ARE, Sweden -- With Swedish great Ingemar Stenmark looking on, Hermann Maier won the giant slalom Saturday for his 13th victory this season, equaling one of skiing's mightiest records.
Maier, who has captured the overall World Cup title three of the last four years, tied the record Stenmark set in 1979.
''I never saw this emotion and celebration before,'' Maier said. ''It was a great day.''
Earlier, Sonja Nef of Switzerland won the last women's slalom of the season, beating Martina Ertl of Germany by .40 seconds.
Stenmark, skiing's strongest gate racer, does not think the record he and Maier share is untouchable.

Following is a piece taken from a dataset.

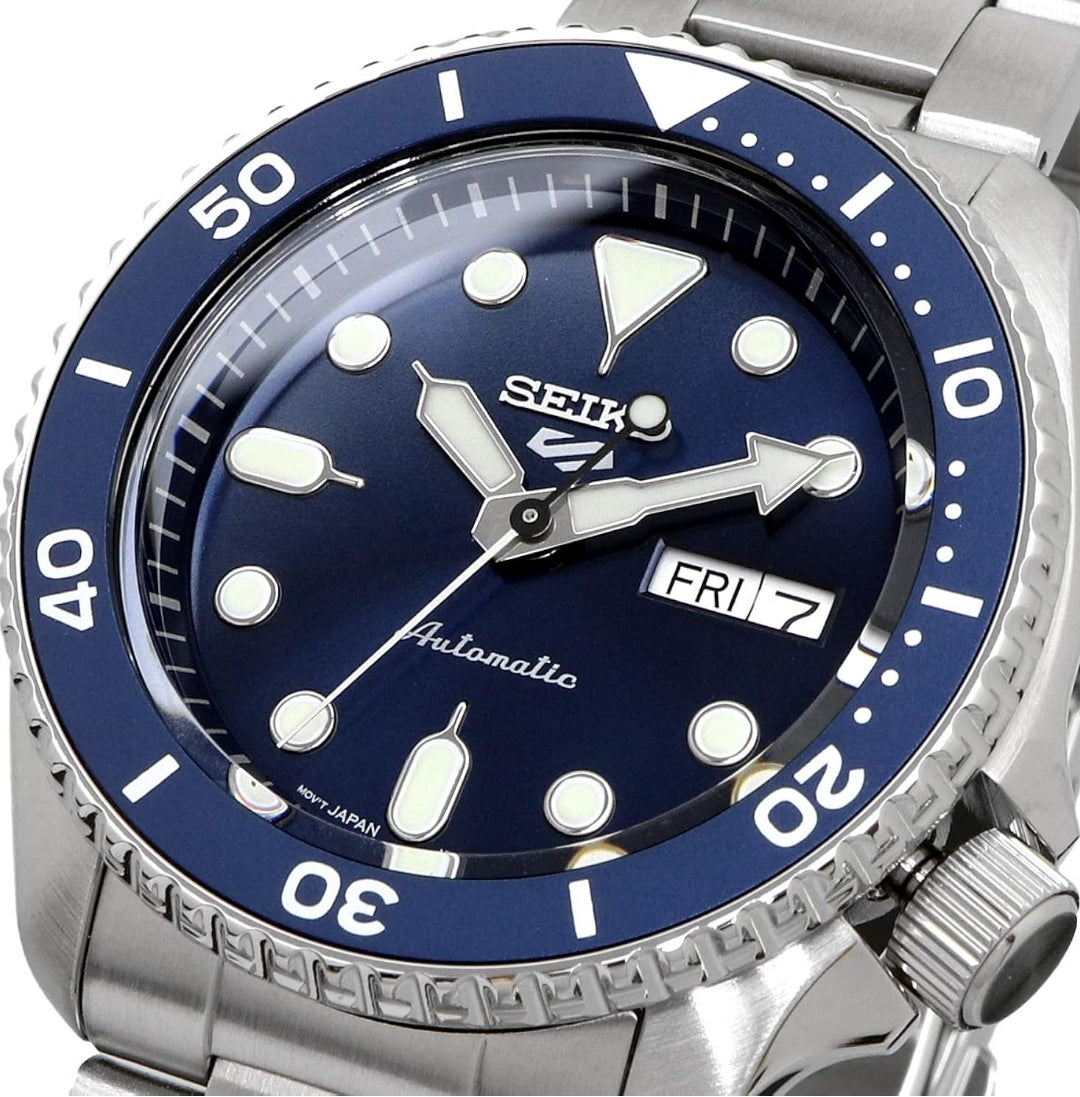 SEIKO Outomatiese Horlosie vir Mans - 5 Sports - Dag-/Datumkalender, LumiBrite Wysers en Merkers, en Roterende Ring, 100m Waterbestand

''I could only ski well in two disciplines,'' the Swede said. ''Today some skiers are more versatile. Maier is a fantastic ski racer. He's got strength, technique and mental toughness.''
Maier covered the Olympia course in 2 minutes, 31.23 seconds, more than a second ahead of runner-up Erik Schlopy of the United States. Schlopy was timed in 2:32.37 to match his best finish of the season. He also was runner-up in Bormio, Italy.
''It was the best race of my life,'' Schlopy said. ''I'll always remember it.''
Maier has 41 victories for his career, and this was among his most satisfying.
''I've had so many problems with the GS,'' the Austrian said. ''It's wonderful.''
One more World Cup final remains this season, the slalom in Are on Sunday, but Maier doesn't compete in that discipline.
One of Maier's rare mishaps this season was a disqualification at Val d'Isere in December. He was barred from the giant slalom for studying the course too long.
''That was very frustrating,'' Maier said. ''Today I was very concentrated. I knew before the second run that Michael had some problems.''
Michael von Gruenigen of Switzerland, needing at least second place to win the GS title, nearly skied out six gates from the finish. He recovered but lost time and wound up fourth in 2:32.83. Third went to Benjamin Raich of Austria in 2:32.51.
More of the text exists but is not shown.